# CNC router bits.



## hawkeye10 (Jul 28, 2015)

I see a lot of adds (Freud Whiteside) for CNC bits. Are there any difference in CNC bits and bits that I normally use?


----------



## difalkner (Jan 3, 2012)

I rarely look at ads but I use Freud and Whiteside for most of my CNC and router bits. I have a couple of one-offs but otherwise I'd say at least 90% are those brands.

David


----------



## kp91 (Sep 10, 2004)

Don, 

V bits are V bits in my opinion, I use both router bit and CNC bits interchangeably.

End Mills need to match the application you are using them for, especially in plunging operations. If the bit is not designed to make a plunge cut it will need to be ramped in.

I have used bowl cutting and round over bits (no bearing) without a problem.

My machine uses a router for the spindle, so router bits are a acceptable choice


----------



## rnubee (Aug 2, 2017)

I think that all CNC Bits of the same shape will be exactly the same length, and size within .001”, if one goes bad in a cut, you can change to a new one bit without resetting everything.


----------



## rkaligian (Jan 22, 2011)

I look at cutters as being in one of two "categories." The first category is pretty much typical ball and flat end mills.

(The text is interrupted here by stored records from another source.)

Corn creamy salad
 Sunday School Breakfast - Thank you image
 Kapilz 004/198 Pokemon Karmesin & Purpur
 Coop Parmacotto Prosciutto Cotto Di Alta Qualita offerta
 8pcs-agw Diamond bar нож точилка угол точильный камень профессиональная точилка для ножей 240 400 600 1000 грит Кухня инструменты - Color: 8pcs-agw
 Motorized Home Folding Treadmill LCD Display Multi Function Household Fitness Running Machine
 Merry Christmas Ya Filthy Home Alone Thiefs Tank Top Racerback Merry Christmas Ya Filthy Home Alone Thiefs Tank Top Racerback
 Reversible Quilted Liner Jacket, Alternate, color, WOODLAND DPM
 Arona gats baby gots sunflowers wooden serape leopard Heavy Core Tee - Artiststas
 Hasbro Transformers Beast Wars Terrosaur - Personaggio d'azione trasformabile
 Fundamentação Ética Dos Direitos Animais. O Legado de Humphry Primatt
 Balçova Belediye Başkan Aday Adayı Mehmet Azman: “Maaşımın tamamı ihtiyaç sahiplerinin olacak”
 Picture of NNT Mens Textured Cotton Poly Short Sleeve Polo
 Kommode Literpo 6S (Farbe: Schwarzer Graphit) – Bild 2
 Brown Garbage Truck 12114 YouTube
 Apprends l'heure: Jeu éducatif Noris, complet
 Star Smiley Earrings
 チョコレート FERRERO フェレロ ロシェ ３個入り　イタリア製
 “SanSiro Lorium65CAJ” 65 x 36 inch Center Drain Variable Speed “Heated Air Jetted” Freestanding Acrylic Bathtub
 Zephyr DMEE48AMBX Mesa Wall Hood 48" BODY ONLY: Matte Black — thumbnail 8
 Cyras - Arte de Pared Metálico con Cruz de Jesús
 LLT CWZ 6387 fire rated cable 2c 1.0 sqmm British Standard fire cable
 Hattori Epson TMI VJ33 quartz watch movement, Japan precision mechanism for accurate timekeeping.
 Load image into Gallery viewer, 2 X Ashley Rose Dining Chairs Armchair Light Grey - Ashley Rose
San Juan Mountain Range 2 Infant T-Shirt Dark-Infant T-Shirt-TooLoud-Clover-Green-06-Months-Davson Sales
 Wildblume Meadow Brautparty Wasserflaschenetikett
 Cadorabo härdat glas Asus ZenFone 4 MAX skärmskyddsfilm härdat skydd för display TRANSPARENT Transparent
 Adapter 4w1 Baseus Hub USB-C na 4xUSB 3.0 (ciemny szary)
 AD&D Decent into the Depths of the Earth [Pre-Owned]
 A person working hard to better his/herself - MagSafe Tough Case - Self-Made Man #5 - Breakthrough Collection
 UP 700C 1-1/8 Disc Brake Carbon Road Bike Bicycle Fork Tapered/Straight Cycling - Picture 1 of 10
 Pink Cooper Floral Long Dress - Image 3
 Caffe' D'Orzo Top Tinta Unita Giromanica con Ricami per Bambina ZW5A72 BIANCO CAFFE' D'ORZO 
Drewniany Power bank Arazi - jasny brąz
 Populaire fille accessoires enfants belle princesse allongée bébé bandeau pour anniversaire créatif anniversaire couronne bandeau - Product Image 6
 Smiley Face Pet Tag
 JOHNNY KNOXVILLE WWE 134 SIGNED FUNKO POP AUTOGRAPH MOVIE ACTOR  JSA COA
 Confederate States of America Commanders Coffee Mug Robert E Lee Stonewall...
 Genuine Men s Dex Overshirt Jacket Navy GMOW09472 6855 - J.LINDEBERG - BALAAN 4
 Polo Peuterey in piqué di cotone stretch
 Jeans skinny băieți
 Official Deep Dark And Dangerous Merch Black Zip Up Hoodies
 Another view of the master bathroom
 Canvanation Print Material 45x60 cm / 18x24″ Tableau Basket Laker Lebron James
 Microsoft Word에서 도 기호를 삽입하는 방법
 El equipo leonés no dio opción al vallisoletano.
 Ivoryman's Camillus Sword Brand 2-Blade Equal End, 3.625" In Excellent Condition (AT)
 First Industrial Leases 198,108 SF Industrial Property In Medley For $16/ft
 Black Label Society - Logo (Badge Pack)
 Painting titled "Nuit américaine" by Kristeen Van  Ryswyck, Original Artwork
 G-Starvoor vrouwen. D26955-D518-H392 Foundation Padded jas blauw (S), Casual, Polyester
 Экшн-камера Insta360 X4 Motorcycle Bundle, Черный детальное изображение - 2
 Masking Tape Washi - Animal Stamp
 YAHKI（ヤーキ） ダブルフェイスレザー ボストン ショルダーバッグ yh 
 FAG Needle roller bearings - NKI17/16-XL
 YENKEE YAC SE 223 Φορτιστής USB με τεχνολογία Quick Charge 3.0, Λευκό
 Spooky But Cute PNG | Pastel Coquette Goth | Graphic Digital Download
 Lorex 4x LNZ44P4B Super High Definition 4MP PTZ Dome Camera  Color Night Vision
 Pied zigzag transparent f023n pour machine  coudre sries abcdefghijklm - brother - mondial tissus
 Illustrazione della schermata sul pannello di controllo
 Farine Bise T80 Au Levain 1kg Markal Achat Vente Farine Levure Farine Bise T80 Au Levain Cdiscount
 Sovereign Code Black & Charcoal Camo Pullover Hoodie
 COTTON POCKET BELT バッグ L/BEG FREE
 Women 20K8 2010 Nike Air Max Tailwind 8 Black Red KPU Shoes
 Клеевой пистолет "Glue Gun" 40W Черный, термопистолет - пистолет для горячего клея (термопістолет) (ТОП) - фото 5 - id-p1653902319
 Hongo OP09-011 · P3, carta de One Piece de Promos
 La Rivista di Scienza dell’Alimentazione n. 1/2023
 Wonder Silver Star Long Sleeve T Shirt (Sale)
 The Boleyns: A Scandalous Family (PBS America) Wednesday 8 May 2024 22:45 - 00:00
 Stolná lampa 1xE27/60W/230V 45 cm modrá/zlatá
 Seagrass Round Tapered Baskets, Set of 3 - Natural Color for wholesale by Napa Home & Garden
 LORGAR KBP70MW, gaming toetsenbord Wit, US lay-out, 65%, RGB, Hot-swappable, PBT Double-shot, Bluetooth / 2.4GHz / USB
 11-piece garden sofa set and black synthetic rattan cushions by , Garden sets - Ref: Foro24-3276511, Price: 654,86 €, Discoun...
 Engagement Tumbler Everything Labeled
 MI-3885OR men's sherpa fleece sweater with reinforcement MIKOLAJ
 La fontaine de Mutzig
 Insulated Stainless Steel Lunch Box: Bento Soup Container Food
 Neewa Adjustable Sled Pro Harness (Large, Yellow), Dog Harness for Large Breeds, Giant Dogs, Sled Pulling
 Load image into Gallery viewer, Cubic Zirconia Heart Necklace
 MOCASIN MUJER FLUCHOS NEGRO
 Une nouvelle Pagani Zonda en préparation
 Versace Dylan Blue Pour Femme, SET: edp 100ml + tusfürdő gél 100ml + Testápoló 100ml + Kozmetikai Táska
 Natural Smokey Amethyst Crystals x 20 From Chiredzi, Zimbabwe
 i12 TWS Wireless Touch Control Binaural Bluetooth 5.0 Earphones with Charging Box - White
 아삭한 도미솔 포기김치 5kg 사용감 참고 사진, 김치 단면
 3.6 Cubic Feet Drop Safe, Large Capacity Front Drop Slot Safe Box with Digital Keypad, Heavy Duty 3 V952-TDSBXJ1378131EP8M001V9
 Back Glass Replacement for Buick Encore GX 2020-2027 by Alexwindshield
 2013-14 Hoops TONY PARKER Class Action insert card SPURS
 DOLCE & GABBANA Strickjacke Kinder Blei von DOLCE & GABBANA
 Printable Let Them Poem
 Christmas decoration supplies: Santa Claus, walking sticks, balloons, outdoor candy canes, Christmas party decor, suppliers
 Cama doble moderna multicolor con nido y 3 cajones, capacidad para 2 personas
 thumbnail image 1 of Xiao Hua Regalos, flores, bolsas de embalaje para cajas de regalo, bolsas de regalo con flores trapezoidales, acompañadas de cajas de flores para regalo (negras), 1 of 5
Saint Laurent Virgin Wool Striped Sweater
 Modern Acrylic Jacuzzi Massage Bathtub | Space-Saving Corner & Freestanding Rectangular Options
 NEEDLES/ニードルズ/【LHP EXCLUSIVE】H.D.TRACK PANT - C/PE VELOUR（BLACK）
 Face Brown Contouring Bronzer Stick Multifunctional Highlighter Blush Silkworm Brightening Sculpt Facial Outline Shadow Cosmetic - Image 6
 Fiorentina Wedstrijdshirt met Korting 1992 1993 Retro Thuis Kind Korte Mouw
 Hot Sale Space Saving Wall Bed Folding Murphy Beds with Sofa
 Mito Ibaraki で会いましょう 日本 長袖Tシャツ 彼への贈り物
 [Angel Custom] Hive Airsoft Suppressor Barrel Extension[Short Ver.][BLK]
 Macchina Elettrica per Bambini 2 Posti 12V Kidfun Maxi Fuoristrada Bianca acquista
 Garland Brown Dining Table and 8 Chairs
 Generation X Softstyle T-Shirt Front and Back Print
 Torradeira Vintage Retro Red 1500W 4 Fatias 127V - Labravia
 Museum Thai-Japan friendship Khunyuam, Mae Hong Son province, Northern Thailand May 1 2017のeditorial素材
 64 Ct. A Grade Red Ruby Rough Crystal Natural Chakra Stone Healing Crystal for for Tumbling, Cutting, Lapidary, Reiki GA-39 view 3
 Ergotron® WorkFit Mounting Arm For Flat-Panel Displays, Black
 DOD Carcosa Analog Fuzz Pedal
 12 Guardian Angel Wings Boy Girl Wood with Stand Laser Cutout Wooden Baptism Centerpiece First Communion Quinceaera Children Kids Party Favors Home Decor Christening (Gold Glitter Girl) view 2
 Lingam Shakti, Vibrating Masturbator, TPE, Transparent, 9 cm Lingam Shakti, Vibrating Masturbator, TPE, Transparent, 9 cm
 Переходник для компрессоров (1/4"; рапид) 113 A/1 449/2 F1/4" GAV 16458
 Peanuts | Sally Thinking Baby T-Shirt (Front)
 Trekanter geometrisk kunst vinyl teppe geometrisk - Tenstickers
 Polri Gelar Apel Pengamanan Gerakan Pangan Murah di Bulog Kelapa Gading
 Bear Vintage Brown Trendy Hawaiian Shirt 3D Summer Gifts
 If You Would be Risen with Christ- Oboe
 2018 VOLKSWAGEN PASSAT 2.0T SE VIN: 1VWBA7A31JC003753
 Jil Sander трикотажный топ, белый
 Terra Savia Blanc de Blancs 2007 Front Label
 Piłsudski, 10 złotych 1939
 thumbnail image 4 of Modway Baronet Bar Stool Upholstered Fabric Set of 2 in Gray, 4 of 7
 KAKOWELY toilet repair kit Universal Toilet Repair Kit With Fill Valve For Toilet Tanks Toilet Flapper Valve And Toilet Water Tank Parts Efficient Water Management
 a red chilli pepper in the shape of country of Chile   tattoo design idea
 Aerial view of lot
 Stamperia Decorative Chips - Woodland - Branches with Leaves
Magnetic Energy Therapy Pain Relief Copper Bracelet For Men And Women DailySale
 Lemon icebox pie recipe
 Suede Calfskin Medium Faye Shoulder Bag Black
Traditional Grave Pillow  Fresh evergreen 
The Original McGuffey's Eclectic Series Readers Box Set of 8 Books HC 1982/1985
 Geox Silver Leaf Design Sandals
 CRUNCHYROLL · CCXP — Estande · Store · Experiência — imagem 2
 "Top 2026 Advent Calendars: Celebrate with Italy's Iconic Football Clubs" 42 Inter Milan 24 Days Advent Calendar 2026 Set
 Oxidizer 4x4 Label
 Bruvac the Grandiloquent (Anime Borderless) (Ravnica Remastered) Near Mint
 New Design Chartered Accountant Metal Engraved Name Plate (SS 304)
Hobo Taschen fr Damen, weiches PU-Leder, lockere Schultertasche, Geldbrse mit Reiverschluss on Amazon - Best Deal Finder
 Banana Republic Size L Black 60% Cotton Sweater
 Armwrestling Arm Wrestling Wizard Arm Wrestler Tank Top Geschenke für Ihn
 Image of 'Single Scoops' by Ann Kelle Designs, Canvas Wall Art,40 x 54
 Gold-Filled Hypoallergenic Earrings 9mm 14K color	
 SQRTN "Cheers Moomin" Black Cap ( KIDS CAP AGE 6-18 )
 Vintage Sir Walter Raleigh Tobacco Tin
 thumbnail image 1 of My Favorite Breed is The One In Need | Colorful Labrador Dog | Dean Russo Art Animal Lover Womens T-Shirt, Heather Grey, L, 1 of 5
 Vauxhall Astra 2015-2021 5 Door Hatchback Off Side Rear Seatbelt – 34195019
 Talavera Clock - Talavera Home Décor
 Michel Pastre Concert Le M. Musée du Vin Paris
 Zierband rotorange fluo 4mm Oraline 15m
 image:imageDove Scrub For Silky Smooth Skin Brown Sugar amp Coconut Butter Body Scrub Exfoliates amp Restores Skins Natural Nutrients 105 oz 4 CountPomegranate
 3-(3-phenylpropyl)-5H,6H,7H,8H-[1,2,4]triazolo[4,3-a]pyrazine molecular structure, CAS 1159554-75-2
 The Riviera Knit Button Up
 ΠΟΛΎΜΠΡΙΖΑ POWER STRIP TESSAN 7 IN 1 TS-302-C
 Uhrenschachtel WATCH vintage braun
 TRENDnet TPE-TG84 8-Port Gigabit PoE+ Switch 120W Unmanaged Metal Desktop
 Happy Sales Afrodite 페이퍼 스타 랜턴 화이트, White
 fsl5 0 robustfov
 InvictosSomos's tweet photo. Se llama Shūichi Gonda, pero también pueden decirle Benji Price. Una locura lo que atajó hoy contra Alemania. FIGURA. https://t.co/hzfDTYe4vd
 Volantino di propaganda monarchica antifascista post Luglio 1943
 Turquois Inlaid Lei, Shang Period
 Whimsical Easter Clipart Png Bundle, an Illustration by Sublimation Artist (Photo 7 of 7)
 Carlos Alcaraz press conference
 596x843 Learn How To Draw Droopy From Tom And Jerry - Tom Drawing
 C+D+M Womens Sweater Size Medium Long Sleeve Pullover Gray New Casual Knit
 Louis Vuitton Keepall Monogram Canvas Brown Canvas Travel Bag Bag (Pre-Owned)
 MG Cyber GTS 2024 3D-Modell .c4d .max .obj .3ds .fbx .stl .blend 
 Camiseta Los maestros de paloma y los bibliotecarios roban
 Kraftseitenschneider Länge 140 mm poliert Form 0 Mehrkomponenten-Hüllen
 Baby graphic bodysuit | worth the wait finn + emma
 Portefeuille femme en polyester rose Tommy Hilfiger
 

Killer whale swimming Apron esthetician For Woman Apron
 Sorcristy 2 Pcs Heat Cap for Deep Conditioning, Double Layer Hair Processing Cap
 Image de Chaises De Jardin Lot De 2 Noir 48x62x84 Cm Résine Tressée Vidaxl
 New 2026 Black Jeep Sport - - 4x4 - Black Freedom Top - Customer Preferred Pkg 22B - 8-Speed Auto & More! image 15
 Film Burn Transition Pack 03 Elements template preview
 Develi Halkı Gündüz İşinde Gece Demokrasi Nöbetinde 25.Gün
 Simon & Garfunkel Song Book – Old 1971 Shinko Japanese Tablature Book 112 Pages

The second category is everything else including V cutters, round-overs etc.

For the common flat and ball mills, I only purchase carbide as well as I only use "long" cutters. I feel the best and most economical place to get these are through Your Carbide Cutting Tool Source. They stock all the common diameters and carry both the regular and long lengths in flat and ball. They are quick to ship and I have found the products to be very high in quality.

For the second category of cutters I have found various sources online including Amazon, MLCS, Think and Tinker, Rockler, Woodworkers Supply, etc., etc. For those that "poo-poo" MLCS, I have been using their products for over 30 years and have not had a bad experience yet. Just my opinion, FWIW...


----------



## SplinteredDave (Nov 9, 2017)

For most of my bits I will use Whiteside or Freud. For some cheap 1/8" endmills I just get the Chinese 10-packs off Amazon or from DrillMan on eBay. I have purchased some specialty endmills from Tools Today and often go there for information/education


----------



## 4DThinker (Feb 16, 2014)

Bit manufacturers realize that some bits sell mostly to CNC users. Tiny ball end bits for 3D work is one example. If you use it on your CNC, then it is a CNC router bit.


----------